> Task directions: Using the data below, report how many lines hold the word "Core". Include nothing else in the reply.

> Dataset records:
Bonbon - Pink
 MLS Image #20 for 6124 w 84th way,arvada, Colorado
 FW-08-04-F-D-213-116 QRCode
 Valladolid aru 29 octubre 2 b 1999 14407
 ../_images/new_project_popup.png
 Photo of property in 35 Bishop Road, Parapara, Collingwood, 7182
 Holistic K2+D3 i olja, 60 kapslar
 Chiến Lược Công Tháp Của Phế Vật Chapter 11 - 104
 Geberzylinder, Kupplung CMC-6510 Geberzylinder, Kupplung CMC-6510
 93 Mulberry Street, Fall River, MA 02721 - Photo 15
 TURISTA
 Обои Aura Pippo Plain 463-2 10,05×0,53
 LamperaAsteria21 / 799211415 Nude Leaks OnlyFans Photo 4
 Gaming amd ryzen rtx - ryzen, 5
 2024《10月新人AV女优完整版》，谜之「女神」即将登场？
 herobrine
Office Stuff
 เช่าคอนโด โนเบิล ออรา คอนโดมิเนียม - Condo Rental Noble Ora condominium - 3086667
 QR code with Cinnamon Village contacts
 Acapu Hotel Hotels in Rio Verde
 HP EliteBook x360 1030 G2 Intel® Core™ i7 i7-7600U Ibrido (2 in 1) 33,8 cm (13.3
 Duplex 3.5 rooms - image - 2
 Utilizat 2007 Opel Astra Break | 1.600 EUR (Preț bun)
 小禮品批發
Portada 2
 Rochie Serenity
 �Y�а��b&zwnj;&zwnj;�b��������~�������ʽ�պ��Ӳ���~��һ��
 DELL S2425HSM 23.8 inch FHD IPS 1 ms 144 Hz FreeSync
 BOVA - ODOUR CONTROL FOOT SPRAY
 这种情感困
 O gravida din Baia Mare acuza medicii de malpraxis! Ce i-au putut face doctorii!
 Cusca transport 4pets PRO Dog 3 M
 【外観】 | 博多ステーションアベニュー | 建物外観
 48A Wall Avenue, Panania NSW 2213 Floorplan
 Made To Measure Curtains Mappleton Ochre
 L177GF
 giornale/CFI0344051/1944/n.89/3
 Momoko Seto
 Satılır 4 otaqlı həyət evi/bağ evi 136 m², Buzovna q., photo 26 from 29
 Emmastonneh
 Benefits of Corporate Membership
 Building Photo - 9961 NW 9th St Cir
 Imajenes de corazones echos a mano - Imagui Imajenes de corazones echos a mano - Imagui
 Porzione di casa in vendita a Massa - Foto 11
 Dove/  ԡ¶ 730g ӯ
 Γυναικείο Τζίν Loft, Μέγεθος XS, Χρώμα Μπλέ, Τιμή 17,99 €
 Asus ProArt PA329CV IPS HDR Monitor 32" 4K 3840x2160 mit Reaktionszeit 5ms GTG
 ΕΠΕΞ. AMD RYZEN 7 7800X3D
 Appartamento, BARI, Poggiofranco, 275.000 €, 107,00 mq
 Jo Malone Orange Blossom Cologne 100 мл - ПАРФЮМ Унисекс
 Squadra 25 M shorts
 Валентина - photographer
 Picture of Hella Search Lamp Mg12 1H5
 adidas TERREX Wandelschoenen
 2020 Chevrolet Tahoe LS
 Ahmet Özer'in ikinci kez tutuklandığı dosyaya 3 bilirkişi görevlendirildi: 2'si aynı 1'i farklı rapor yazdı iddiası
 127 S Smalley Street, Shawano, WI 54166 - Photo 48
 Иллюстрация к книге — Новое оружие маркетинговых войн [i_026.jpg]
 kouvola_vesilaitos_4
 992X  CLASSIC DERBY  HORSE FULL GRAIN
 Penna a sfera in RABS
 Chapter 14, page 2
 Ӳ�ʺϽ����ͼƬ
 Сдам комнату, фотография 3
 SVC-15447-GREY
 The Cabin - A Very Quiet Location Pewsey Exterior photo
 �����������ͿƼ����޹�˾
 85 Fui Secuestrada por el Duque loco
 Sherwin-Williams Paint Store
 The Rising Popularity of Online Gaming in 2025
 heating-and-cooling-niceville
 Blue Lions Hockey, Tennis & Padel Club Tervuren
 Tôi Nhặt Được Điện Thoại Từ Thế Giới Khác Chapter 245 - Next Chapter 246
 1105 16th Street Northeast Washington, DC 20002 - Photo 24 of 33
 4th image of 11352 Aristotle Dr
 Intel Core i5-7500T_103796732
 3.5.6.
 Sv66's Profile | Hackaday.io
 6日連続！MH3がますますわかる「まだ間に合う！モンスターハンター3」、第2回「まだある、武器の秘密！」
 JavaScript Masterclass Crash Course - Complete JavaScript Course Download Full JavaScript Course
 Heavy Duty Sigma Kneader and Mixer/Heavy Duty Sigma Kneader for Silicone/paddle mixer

> Answer below: 2